A definitive anti-dumping duties imposed on imports of disodium carbonate (soda ash) from Turkiye and Kenya for a period of five years.

The respondents (Soap Manufacturers Association; Colgate International; Chemical Manufacturers; International Silicate; Pakistan Glass Manufacturers Association) have alleged and levelled these allegations in their comments on the Statement of Essential Facts issued by the Commission and reiterated their concerns during meetings with the Commission.

These concerns were subsequently submitted in writing well before the Final Determination. However, according to the respondents (associations), the Commission allegedly proceeded with the Final Determination without addressing or taking notice of these grave allegations, thereby raising serious questions about the credibility and impartiality of the proceedings.

According to stakeholders’ allegations, the Commission has attempted to portray a threat of material injury whereas no actual material injury suffered by the applicants (two companies).

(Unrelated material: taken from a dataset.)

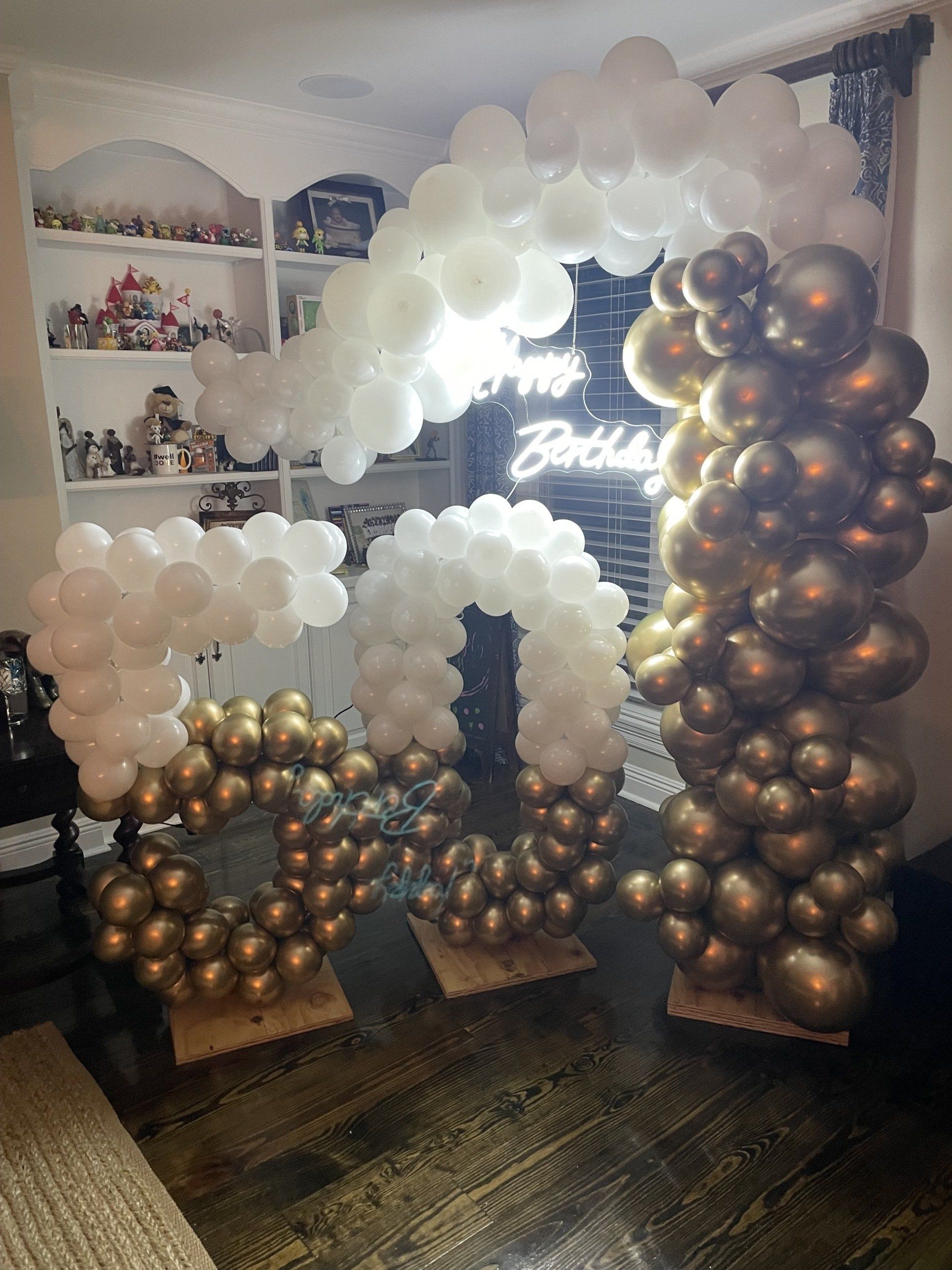 A room filled with balloons and a sign that says happy birthday.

The stakeholders argued that in this case the applicants remained unduly influential throughout the investigation. In spite of having more than 95 percent of the domestic market share, remained profitable during the period of investigation (POI), expanded installed production capacities by approximately 20 percent, and even described its own Soda Ash business as “resilient” in its Annual Report. Being a quasi-judicial authority, the Commission was expected to remain neutral and uphold the credibility it has historically enjoyed, they added.

Industry representatives accused that these facts are fundamentally inconsistent with a finding of threat of material injury and instead demonstrate a healthy and expanding domestic industry.

Stakeholders further alleged that the Commission ignored compelling evidence showing that the decline in sales, inventories, cash flows or capacity utilisation resulted from weak domestic demand, global market conditions, voluntary export reallocation and the domestic industry’s own commercial decisions, “Rather than dumped imports”. They argued that the threat of injury (Not even actual injury) has been wrongly attributed to dumped imports just to make out a case of anti-dumping duty.

One of the most controversial aspects of the determination, according to respondents, is the construction of the Non-Injurious Price (NIP). They alleged that the Commission adopted an extraordinary 10 percent profit assumption, despite reportedly using a 5 percent benchmark in numerous previous anti-dumping investigations.

The respondents contend that no convincing justification was provided for this departure and that the higher assumed profit artificially inflated the Non-Injurious Price, thereby increasing the injury margin and resulting anti-dumping duties.

Legal experts note that if a regulatory authority departs from its own long-established methodology, it is ordinarily expected to provide a clear and reasoned explanation. Stakeholders argue that the unexplained departure raises serious questions regarding the consistency and objectivity of the injury determination.

Respondents (associations) had also relied on WTO jurisprudence, including the Pakistan – BOPP Films (UAE) dispute, arguing that an investigating authority must provide a reasoned and adequate explanation linking the evidence to its findings and cannot simply reproduce data before reaching conclusions.

The Final Determination has also revived longstanding concerns expressed by some stakeholders regarding the Commission’s decision-making process.